━━━━━ SOURCE MATERIAL

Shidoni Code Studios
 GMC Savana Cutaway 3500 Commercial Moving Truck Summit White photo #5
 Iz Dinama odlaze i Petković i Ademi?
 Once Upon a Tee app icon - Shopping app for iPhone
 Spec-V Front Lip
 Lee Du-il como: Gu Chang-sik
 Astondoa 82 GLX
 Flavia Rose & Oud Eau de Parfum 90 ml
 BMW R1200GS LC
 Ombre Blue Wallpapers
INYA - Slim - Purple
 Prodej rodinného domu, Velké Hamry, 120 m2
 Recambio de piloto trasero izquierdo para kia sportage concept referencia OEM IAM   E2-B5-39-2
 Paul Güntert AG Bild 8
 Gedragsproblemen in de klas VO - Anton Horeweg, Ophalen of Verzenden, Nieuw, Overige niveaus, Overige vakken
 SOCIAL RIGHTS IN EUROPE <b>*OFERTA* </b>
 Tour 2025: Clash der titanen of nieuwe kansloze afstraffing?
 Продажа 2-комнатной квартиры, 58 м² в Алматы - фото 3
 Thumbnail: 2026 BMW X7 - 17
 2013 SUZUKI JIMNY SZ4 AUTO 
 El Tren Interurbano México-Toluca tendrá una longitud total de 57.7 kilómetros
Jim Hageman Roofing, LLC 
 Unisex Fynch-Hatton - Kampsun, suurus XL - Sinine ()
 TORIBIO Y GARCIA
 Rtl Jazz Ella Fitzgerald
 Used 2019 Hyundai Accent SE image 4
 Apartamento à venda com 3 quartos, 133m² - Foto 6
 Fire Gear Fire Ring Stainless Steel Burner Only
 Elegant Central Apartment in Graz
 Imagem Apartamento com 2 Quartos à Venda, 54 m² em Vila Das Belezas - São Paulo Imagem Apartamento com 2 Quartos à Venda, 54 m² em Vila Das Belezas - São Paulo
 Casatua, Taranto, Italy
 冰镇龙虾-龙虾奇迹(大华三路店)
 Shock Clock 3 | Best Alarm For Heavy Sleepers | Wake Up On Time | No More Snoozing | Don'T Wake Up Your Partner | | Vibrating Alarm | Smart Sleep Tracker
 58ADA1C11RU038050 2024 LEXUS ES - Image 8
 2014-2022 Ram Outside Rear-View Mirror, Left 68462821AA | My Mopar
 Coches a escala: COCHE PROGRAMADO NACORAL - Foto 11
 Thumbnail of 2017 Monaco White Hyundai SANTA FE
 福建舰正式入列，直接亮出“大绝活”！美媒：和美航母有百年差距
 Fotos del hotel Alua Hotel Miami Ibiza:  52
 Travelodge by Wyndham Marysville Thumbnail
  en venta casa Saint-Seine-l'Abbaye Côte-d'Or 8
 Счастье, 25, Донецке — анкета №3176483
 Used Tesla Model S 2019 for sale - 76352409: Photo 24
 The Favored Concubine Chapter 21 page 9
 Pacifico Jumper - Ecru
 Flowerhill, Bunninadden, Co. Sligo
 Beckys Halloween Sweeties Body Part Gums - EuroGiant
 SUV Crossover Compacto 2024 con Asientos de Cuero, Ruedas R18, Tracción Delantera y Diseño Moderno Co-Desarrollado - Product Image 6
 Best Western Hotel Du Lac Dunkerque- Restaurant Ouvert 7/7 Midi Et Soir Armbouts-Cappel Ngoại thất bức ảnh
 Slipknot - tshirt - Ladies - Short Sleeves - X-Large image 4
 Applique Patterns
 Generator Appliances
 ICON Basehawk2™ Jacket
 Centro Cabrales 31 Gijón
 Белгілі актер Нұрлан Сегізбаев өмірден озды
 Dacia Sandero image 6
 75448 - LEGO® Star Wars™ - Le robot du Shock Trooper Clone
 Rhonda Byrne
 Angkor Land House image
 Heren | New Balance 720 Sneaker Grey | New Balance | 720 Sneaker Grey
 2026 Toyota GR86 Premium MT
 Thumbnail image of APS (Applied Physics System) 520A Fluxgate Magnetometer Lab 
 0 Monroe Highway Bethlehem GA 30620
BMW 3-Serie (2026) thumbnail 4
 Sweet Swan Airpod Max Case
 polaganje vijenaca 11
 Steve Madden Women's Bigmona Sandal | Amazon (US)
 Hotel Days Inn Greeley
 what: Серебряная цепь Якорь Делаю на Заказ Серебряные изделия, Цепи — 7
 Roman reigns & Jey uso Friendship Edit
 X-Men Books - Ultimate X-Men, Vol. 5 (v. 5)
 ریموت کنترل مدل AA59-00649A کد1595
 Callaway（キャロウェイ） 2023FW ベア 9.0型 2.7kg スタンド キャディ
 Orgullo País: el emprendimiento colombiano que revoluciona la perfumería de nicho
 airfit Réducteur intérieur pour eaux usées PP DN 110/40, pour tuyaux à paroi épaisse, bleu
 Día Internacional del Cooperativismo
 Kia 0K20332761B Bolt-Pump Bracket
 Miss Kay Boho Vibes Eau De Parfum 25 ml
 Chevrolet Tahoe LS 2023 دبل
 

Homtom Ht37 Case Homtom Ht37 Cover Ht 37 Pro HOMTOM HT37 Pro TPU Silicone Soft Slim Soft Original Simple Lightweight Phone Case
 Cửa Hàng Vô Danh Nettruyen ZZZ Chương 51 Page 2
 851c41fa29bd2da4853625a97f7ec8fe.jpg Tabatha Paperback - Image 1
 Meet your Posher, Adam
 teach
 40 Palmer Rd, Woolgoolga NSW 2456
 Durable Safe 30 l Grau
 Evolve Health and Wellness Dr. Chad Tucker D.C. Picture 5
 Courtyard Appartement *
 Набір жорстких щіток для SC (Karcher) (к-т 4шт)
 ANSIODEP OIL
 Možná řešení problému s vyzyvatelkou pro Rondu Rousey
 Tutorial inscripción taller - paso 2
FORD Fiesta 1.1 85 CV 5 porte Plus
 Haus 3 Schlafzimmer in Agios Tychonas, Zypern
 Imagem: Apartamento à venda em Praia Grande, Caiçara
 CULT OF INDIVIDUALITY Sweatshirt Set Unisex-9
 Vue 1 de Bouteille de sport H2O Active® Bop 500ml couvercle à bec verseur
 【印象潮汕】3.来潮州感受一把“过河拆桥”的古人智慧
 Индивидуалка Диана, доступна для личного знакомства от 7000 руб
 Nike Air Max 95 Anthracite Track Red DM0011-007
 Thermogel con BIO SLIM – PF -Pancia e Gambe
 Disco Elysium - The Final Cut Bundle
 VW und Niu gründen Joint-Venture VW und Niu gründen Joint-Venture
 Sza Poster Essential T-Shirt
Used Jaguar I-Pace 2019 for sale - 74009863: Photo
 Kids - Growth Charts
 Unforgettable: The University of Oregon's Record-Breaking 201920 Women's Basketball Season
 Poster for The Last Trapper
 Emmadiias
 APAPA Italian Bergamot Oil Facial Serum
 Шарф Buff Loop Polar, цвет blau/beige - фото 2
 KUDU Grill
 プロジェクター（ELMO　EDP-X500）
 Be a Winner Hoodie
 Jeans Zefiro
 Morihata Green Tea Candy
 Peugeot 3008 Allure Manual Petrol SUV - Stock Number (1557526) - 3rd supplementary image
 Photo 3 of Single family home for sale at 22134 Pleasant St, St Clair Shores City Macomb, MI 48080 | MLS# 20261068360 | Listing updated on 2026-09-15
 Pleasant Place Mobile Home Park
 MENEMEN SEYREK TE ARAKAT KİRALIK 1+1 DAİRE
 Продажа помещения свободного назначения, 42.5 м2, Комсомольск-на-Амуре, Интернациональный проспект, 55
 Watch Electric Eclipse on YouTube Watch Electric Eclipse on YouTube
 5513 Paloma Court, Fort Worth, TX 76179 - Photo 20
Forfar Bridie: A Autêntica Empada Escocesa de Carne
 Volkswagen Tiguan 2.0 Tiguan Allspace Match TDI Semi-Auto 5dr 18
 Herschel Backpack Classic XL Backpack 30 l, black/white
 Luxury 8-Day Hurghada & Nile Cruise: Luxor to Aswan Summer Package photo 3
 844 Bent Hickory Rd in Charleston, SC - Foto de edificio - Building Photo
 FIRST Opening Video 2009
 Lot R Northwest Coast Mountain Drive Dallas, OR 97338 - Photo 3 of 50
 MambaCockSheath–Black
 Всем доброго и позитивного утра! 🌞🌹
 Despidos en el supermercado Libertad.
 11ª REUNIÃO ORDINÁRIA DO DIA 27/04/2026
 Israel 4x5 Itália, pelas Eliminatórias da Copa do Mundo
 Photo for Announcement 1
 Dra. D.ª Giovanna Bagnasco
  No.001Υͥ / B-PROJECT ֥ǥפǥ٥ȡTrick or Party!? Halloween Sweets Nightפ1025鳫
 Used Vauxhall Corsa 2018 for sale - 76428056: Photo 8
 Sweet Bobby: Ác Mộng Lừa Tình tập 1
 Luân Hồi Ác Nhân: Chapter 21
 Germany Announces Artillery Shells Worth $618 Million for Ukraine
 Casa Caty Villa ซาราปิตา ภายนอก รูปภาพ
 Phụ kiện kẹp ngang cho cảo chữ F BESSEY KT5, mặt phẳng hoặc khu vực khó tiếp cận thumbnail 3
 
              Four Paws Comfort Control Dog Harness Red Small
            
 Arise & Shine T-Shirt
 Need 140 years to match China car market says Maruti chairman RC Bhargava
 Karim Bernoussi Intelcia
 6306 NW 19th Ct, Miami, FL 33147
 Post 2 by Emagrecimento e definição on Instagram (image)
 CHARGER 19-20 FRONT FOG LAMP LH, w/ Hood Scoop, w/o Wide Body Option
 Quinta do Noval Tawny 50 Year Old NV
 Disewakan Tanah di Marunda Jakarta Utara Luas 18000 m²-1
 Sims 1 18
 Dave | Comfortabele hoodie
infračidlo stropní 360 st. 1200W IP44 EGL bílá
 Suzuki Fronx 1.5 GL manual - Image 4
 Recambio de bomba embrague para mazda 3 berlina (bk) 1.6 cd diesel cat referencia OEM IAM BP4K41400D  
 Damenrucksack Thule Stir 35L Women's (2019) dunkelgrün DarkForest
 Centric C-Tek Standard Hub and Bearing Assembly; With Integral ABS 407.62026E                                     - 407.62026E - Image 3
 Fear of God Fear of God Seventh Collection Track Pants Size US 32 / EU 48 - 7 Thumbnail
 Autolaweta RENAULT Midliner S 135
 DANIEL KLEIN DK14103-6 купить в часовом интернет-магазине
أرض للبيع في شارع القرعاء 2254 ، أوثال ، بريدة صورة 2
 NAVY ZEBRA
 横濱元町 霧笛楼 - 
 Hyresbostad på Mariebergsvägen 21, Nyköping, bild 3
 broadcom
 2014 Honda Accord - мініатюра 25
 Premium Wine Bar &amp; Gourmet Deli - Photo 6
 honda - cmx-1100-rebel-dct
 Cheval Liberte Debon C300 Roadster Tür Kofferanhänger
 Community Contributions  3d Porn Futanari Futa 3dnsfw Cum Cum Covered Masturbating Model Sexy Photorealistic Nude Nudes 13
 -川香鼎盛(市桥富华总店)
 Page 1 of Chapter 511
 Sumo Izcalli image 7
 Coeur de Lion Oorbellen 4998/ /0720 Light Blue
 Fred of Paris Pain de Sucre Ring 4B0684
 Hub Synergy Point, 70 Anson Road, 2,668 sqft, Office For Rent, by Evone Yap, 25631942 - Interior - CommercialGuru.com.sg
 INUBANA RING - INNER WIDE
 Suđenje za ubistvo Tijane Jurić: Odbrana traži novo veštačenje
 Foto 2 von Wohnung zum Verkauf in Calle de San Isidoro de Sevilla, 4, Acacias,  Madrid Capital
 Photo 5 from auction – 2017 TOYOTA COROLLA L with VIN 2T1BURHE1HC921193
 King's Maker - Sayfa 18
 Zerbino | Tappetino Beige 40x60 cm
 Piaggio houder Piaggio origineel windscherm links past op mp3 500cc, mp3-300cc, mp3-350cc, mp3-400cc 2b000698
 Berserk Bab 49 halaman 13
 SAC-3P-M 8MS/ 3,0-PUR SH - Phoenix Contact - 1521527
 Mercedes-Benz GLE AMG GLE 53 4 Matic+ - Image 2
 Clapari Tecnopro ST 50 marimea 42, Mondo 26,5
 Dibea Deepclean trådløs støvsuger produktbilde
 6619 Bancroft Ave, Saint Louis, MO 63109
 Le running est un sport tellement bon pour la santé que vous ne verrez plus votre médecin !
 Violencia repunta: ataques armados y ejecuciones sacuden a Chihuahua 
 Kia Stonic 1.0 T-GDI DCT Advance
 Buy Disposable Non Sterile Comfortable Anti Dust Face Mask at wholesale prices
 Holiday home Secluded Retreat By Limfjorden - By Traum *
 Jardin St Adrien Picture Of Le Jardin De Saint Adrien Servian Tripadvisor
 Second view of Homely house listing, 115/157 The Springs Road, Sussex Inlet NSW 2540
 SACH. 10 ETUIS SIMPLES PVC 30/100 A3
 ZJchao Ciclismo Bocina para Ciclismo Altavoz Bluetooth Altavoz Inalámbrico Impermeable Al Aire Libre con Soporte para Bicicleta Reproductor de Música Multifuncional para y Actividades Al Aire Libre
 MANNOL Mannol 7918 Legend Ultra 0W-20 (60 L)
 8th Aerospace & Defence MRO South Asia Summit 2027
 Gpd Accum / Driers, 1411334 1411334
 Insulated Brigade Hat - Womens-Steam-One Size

━━━━━━━━━━

## TASK INSTRUCTIONS
Given the records above, reproduce precisely and only the lines between the line holding "X-Men Books - Ultimate X-Men, Vol. 5 (v. 5)" and the line holding "VW und Niu gründen Joint-Venture VW", inclusive.

## OUTPUT FOR THIS TASK
 X-Men Books - Ultimate X-Men, Vol. 5 (v. 5)
 ریموت کنترل مدل AA59-00649A کد1595
 Callaway（キャロウェイ） 2023FW ベア 9.0型 2.7kg スタンド キャディ
 Orgullo País: el emprendimiento colombiano que revoluciona la perfumería de nicho
 airfit Réducteur intérieur pour eaux usées PP DN 110/40, pour tuyaux à paroi épaisse, bleu
 Día Internacional del Cooperativismo
 Kia 0K20332761B Bolt-Pump Bracket
 Miss Kay Boho Vibes Eau De Parfum 25 ml
 Chevrolet Tahoe LS 2023 دبل
 

Homtom Ht37 Case Homtom Ht37 Cover Ht 37 Pro HOMTOM HT37 Pro TPU Silicone Soft Slim Soft Original Simple Lightweight Phone Case
 Cửa Hàng Vô Danh Nettruyen ZZZ Chương 51 Page 2
 851c41fa29bd2da4853625a97f7ec8fe.jpg Tabatha Paperback - Image 1
 Meet your Posher, Adam
 teach
 40 Palmer Rd, Woolgoolga NSW 2456
 Durable Safe 30 l Grau
 Evolve Health and Wellness Dr. Chad Tucker D.C. Picture 5
 Courtyard Appartement *
 Набір жорстких щіток для SC (Karcher) (к-т 4шт)
 ANSIODEP OIL
 Možná řešení problému s vyzyvatelkou pro Rondu Rousey
 Tutorial inscripción taller - paso 2
FORD Fiesta 1.1 85 CV 5 porte Plus
 Haus 3 Schlafzimmer in Agios Tychonas, Zypern
 Imagem: Apartamento à venda em Praia Grande, Caiçara
 CULT OF INDIVIDUALITY Sweatshirt Set Unisex-9
 Vue 1 de Bouteille de sport H2O Active® Bop 500ml couvercle à bec verseur
 【印象潮汕】3.来潮州感受一把“过河拆桥”的古人智慧
 Индивидуалка Диана, доступна для личного знакомства от 7000 руб
 Nike Air Max 95 Anthracite Track Red DM0011-007
 Thermogel con BIO SLIM – PF -Pancia e Gambe
 Disco Elysium - The Final Cut Bundle
 VW und Niu gründen Joint-Venture VW und Niu gründen Joint-Venture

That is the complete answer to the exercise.